CIC poised to invest $2b in Alibaba Group – report
China Investment Corp. (CIC) may take a $2 billion stake in Alibaba Group in order to finance the Chinese internet company’s purchase of a 20% stake in itself from Yahoo. Last week, Alibaba agreed to purchase half of Yahoo’s 40% holding for $7.1 billion and indicated that an IPO would follow.
According to Reuters, talks between CIC and Alibaba are at an advanced stage. The buyback from Yahoo values the company at $35 billion but bankers argue the valuation could reach around $100 billion over the next 3-4 years.
An investment by CIC would top off existing financing plans.

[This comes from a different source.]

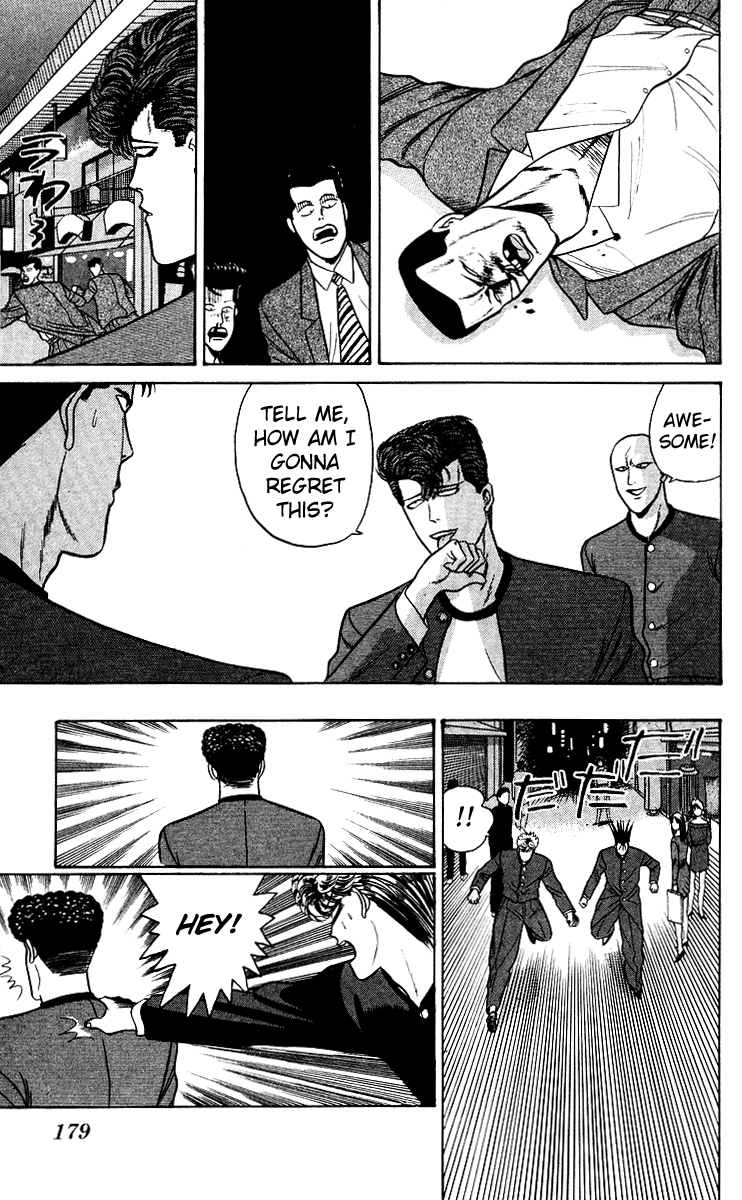 Kyou kara Ore wa!! Chapter 69 page 15 - Chapter 69: Showdown in Kyoto Has Begun!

Alibaba intends to raise $4.6 billion through an issue of preferred shares, bank loans and stake sales to existing backers, including Temasek Holdings and DST Global. Negotiations are reportedly already underway with private equity firms to raise a further $500 million.
Under the buyback agreement, Yahoo will receive at least $6.3 billion in cash and up to $800 million in newly issued shares in Alibaba. The Chinese firm will also be required to either buy back a quarter of Yahoo's remaining stake at the price of a future IPO or let the US firm sell the shares in the IPO. Furthermore, it has agreed to make an upfront royalty payment to Yahoo of $500 million and continue paying royalties for up to four years.
Yahoo and fellow Alibaba investor Softbank Corp. will have their voting rights capped at below 50%, enabling Jack Ma, the company's founder, to exercise control.
Relations between the two companies have been strained for some time and Alibaba made no secret of its desire to repurchase Yahoo's stake.
Negotiations have been drawn out by concerns over the US tax treatment of the divestment.
In September 2011, Silver Lake, DST Global, Temasek Holdings and Yunfeng Capital were part of an investor group that purchased $1.6 billion in shares from Alibaba as a tender offer to employee shareholders and option holders.